2.3. Performance testing protocols

The CMJ, squat jump (SJ), and isometric mid‐thigh pull (IMTP) were conducted on a dual force plate system sampling at 1000 Hz (0.60 × 0.40 m; Model 10 kN 9286B, Kistler Instrument AG, Winterthur, Switzerland). Participants were familiarized at two separate sessions to the CMJ, SJ and IMTP protocols, alongside the Stroop Color and Word Test, during the first 2 days of the training camp. Specific familiarization was not undertaken for the power pass or 20 m sprint as these are regularly performed as part of the National Rugby League testing battery. These tests were selected as they represent different domains of performance (James et al., 2023), were familiar to participants, are commonly used throughout the literature with rugby athletes (Owen et al., 2020), and demonstrate acceptable between‐day reliability and ecological validity (Weakley et al., 2022).

  • (1)

    CMJ and SJ

Participants completed three repetitions each of the CMJ and SJ with ∼60 s rest between jumps (Weakley et al., 2022). Participants were instructed to jump as high and powerfully as possible with their hands remaining on hips (both CMJ and SJ). For the SJ, participants jumped from a 90° squat (or as close as possible) without any countermovement. An additional effort was performed if any countermovement was observed. Squat depth was standardized within participants between trials using a plastic pole that participants squatted to reach and touch. The highest jump at each test was taken for analysis; if jump height was equal then peak power was used to determine the “best” effort.

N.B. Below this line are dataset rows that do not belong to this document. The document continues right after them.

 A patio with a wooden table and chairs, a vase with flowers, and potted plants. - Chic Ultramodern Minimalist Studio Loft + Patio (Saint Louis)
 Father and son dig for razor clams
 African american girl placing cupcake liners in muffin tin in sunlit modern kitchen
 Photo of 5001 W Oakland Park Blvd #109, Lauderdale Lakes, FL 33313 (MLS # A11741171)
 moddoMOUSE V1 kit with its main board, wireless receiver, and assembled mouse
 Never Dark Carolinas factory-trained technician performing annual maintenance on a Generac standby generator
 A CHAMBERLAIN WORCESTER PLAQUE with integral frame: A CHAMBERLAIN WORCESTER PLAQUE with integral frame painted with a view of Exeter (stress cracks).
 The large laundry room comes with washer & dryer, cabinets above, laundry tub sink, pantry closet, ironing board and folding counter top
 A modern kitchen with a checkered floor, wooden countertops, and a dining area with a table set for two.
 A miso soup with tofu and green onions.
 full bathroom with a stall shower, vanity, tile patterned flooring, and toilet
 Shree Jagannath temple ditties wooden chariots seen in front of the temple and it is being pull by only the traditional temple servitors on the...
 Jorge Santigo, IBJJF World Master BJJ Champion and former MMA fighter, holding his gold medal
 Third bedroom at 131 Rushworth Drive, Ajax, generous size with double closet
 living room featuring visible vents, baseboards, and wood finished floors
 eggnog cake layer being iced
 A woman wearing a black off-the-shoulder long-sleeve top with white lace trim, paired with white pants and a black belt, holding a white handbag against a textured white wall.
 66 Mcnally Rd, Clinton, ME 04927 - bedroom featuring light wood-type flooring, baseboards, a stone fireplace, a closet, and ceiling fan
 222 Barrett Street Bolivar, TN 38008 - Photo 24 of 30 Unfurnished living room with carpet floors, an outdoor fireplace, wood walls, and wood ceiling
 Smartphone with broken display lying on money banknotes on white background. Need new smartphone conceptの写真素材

Outcome measures included jump height (calculated through impulse‐momentum), mean and peak concentric force, velocity, and power, alongside impulse and rate of force development (RFD) at 50/100/150/200 ms, as well as contraction time, concentric time, eccentric time, and center of mass displacement. Jump initiation was identified using the criterion method of taking the instant when vertical force was less or greater than a threshold equal to five times the SD of body mass measured during a 1 s stable weighing period (Owen et al., 2014). Jump heights in the CMJ and SJ were also used to calculate the eccentric utilization ratio (EUR) and reactive strength index (RSI), while dynamic strength index (DSI) was calculated from CMJ peak concentric force and IMTP peak force.

  • (2)

    Isometric Mid‐Thigh Pull

Following two‐sub maximal warm‐up efforts, participants performed two maximal repetitions of the IMTP separated by 2 min rest. Participants pulled as hard as possible for 3 s on an immovable bar fixed to a customized power rack. Participants were instructed to “push the ground away as hard and as fast as possible”. Verbal encouragement was maintained throughout. A third effort was performed if > 200 N difference was observed between the peak force of the two efforts, there was variability >50 N in the quiet period, there was a countermovement prior to the lift, excessive pre‐tension, or leaning on the bar. The effort with the highest relative peak force was taken for analysis. Initiation of the pull was identified as the moment when force exceeded five SDs of a participant's mass, established through a 1 s stable weighing period. Peak force, time to peak force, RFD, and impulse at 50/100/150/200/250 ms were calculated.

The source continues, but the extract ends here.